── Information provided

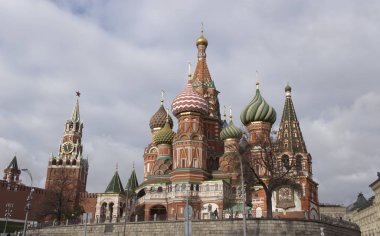 Rusya, Moskova, Ekim 2019: Kızıl Meydan, St. Basil 'in Katedrali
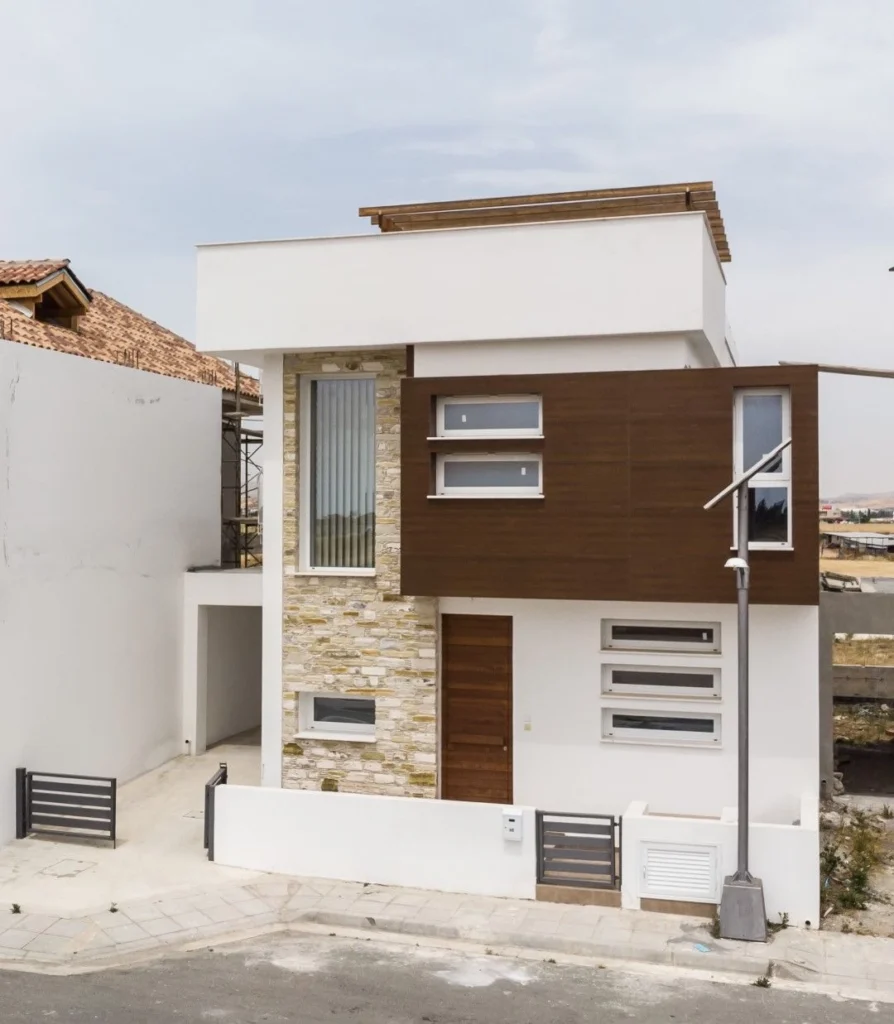 4 Bedroom House for Sale in Dromolaxia, Larnaca District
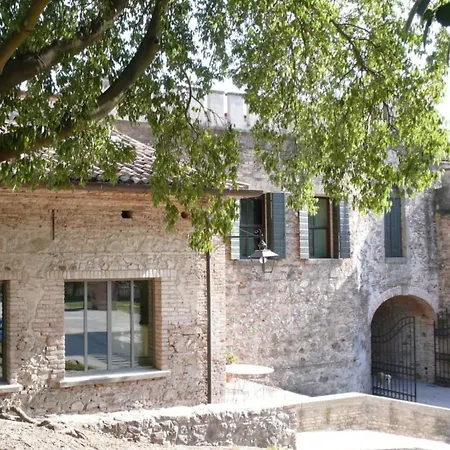Castello Di Lispida Country house *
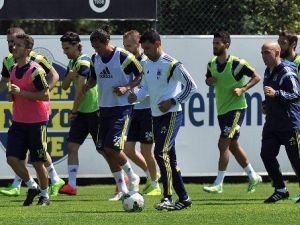 Fenerbahçe 7 Eksikle Çalıştı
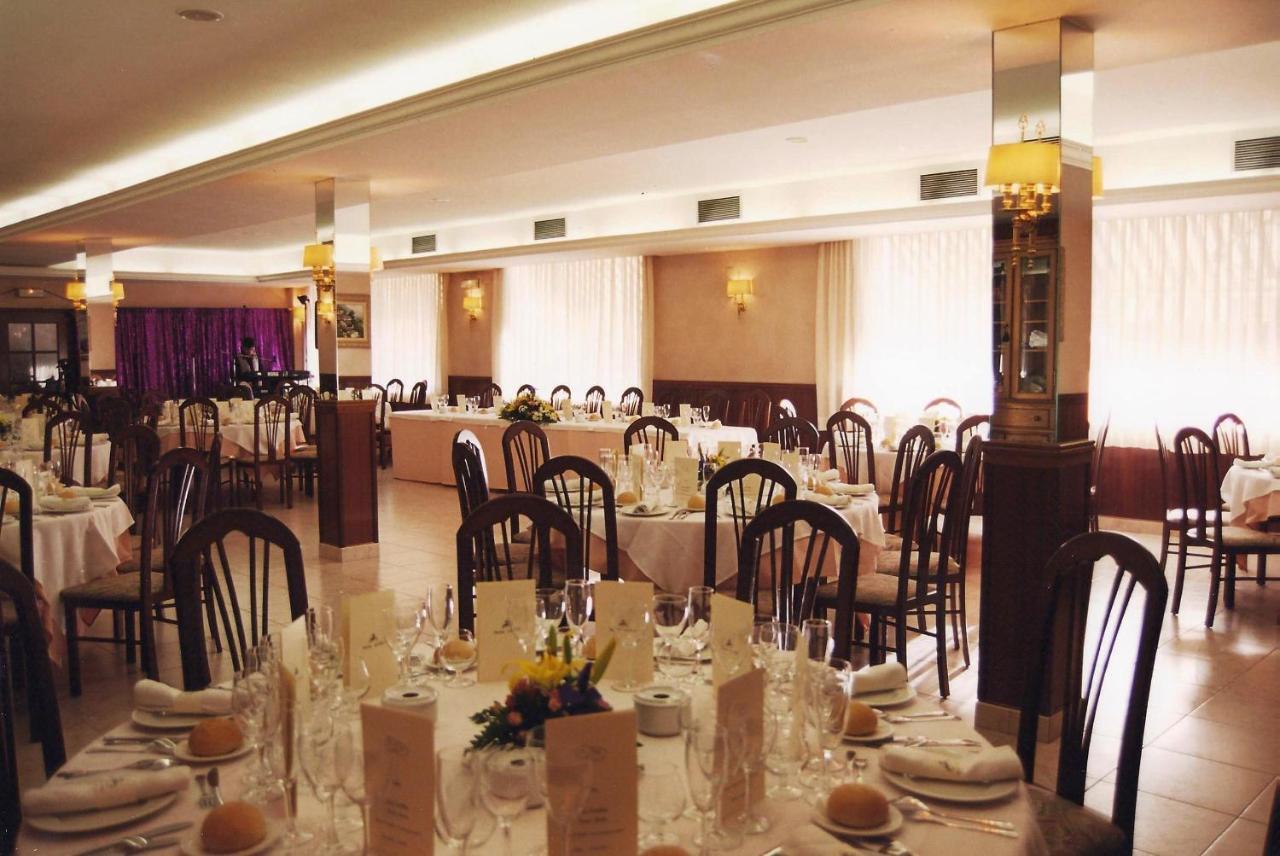 Hotel La Seu Сео-де-Уржель Экстерьер фото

────

Starting at the line that contains "Castello Di Lispida Country house *" and ending at the final line of the data, reproduce each line exactly. Pictures stay out of the copy.

Castello Di Lispida Country house *
 Fenerbahçe 7 Eksikle Çalıştı
 Hotel La Seu Сео-де-Уржель Экстерьер фото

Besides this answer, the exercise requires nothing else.